Military aviation fuel delivered by the San Angelo Pipeline
to Dyess is sold f.o.b. the Refinery with title passing to the
purchaser as the product enters the pipeline. Prior to 1998, the
Partnership had the only pipeline capable of delivering jet fuel
directly into Dyess. Fina recently purchased Conoco's product
terminal in Abilene and is constructing its own pipeline from its
terminal to Dyess that will enable Fina to deliver military
aviation fuel into Dyess.

Sales of military aviation fuel constitute a significant
portion of the Partnership's revenues. See "-Markets and
Competition" below. Such sales are under annual contracts
awarded by the Defense Fuel Supply Center after a bidding
process. The bidding process is conducted on a base-by-base
basis and is subject to the small business set-aside program.
When the bids are received, the Defense Fuel Supply Center
determines both the lowest overall bid and the lowest bid
submitted by a small business (defined as a refinery with a
throughput capacity of less than 75,000 BPD and fewer than 1,500
employees). If the lowest bid is not submitted by a small
business, the lowest small business bidder is offered the
opportunity to obtain a contract for a set percentage of the
base's requirements by matching the lowest overall bid. Prior to
the contract that begins April 1, 1998 and ends March 31, 1999,
the Partnership was considered a small business. As a result of
the planned mothballing of the Refinery and the agreement to
purchase products from TTTI, the Partnership could not bid as a
small business for the contract that begins April 1, 1998 and
ends March 31, 1999 nor will the Partnership be able to bid on
any future contracts as a small business. Since the Partnership
was not able to match the price of the lowest large business
under the small business set-aside program, the volumes under the
recently awarded contract are approximately 51% of the volumes
under the prior contract which is partially offset by an
approximate 2 cents improvement in the award price compared to
the base reference price net of transportation from the prior
contract. See "Management's Discussion and Analysis of Financial
Condition and Results of Operations - Factors and Trends
Affecting Operating Results."

The Partnership and its predecessors have been supplying
products to Naval Air Station Fort Worth and Dyess since the
early 1960s. Management believes that the military will continue
to be a major customer of the Partnership into the foreseeable
future. Dyess is an Air Combat Command facility, formerly a
strategic air command facility, and the primary training base for
the B-1 bomber crews. In addition, Dyess also has two worldwide
deployable airlift squadrons which fly the C-130 Hercules. Under
the contract that is effective from April 1, 1997 through March
31, 1998, the Partnership contracted to sell military aviation
fuel to Dyess, Sheppard Air Force Base in Wichita Falls, Texas,
Fort Hood Military Installation in Killeen, Texas, Naval Air
Station Dallas in Dallas, Texas, E-Systems, Inc. in Greenville,
Texas, Naval Air Station Fort Worth, AASF in Dallas, Texas, and
Tinker Air Force Base in Oklahoma City, Oklahoma. Additionally,
the Partnership is selling jet fuel to Altus Air Force Base in
Altus, Oklahoma and Cannon Air Force Base in Clovis, New Mexico,
under a contract that is effective from October 1, 1997 through
September 30, 1998. Under the new contract that is effective
from April 1, 1998 through March 31, 1999, the Partnership will
supply military aviation fuel to Dyess, Sheppard Air Force Base,
Naval Air Station Fort Worth, Fort Hood Military Installation,
and E-Systems, Inc. See "Management's Discussion and Analysis of
Financial Condition and Results of Operations - Factors and
Trends Affecting Operating Results - Other Factors."

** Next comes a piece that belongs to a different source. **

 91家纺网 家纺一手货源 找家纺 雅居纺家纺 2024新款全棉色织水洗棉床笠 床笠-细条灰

Crude Oil Gathering Operations. The Partnership's Crude
Gathering System is divided into two distinct areas: (i) truck-
based crude oil gathering and (ii) pipeline operations. The
trucking operations comprise six district offices located in the
Abilene, Dallas, Graham, Lubbock, Midland, and San Angelo, Texas
areas. These districts utilize a fleet of 103 trucks to
transport crude oil from individual leases or small gathering
systems to injection stations owned and operated by the
Partnership along common carrier pipeline systems. As of
December 31, 1997, the Crude Gathering System operated 44 crude
oil injection stations located on various common carrier pipeline
systems including the Amoco, Arco, Chevron, Comyn, Conoco, EOTT,
Mobil, Sun, Texaco, Texas Plains System and other Texas-New
Mexico pipeline systems. The Partnership maintains 21 trucking
locations throughout the area for operation of its truck fleet.

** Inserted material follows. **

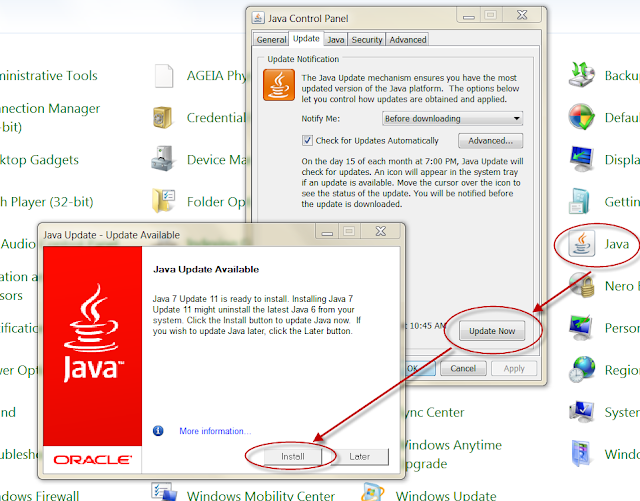 Updating Java on Windows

In December 1997, the average length of travel for the
Partnership's trucks in its gathering operations was
approximately 76 miles round trip.

As of December 31, 1997, the pipeline assets utilized in the
Crude Gathering System consisted of in excess of 900 miles of
active pipeline, the major portion of which is the Comyn pipeline
system with approximately 414 miles of trunkline and 190 miles of
gathering lines and the Texas Plains System consisting of an
additional 242 miles of trunkline and 29 miles of gathering
lines. Ownership of the trunkline segments of the Comyn pipeline
system from Hawley to Comyn, Texas (90 miles), from Hearne to
Comyn, Texas (143 miles), and from Comyn to Ranger, Texas (37
miles) along with certain related pumping facilities was retained
by Pride SGP when the Partnership was formed. For the years
ended December 31, 1997, 1996 and 1995, the crude oil transported
through the active segment of the Comyn pipeline system which is
owned by Pride SGP accounted for approximately 64%, 51% and 72%,
respectively, of the total crude oil received by the Refinery.

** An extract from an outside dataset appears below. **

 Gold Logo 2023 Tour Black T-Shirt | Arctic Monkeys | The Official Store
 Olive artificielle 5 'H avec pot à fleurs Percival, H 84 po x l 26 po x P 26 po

At December 31, 1997, twelve miles of the 37-mile segment noted
above were inactive but are being reactivated in connection with
the TTTI agreement. The 143-mile section from Hearne to Comyn
transports 10,671 barrels per day ("BPD") of crude oil from the
eastern portion of the Austin Chalk formation. The Partnership
and Pride SGP have a lease agreement wherein the Partnership has
been granted the right to use the segments of the Comyn pipeline
owned by Pride SGP. The Partnership is entitled to use the
pipeline sections in exchange for its agreement to provide
maintenance and repair valued at approximately $250,000 annually.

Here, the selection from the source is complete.